I’m probably just getting old but Bobby here, looks way too young to be in uniform, especially during wartime. His name is written in ink on the back of the photo and lightly in pencil, someone has added WW2. He is a sweet looking young man with those heavy lidded eyes and slightly crooked front teeth.

His expression is somewhat bemused, as though he barely knows how he ended up in uniform. He could easily be as young as 18. How do we, as a community, still allow children to make the life and death decision to go to war? Is it truly an informed decision if it is made before the consequences of which, could possibly be fully conceived? We now know that brains are not fully developed until the age of 25, yet we still send our young men and women into conflict zones at much younger ages. And then, at least as far as the UK, Australia and the US go, we don’t properly look after their needs on their return home.

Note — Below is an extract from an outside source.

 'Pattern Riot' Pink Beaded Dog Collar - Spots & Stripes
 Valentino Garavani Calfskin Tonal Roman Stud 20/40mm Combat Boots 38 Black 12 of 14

Bobby has unleashed some powerful emotions for me. I do hope he returned home after his tour in one piece, both physically and emotionally.

I am tentatively dipping my toe back in the blogging pool after a long hiatus. To ease myself back in, I’ve chosen the painted backgrounds of the photos, instead of the people, as the focus.

These items are all from the USA and very easily dated to WW2 thanks to the painted battleships in the backdrops. It amuses me that the composition is virtually identical in each of the three examples, yet different enough to suggest they were painted by different artists. So which one was the original design, if any of them? Does this follow the layout of a navy recruitment poster or a propaganda leaflet? Did Fred Nerk, Joe Blogs or Jane Smith come up with the design for his/her photobooth business, only to have it copied, to varying degrees of proficiency, until it spread the length of the country?

 

These two boys are a wonderful pair. What a lovely affectionate pose! They are cute as all get out, with their rakishly tilted caps and loose neck ties, not to mention the rose bud in one lapel. There heads just resting together and those smiles, make me love them both. The feminity of the features of the owner of the magnificent ‘tache made me think briefly that it was a woman in drag but I have dismissed that idea. Do you agree?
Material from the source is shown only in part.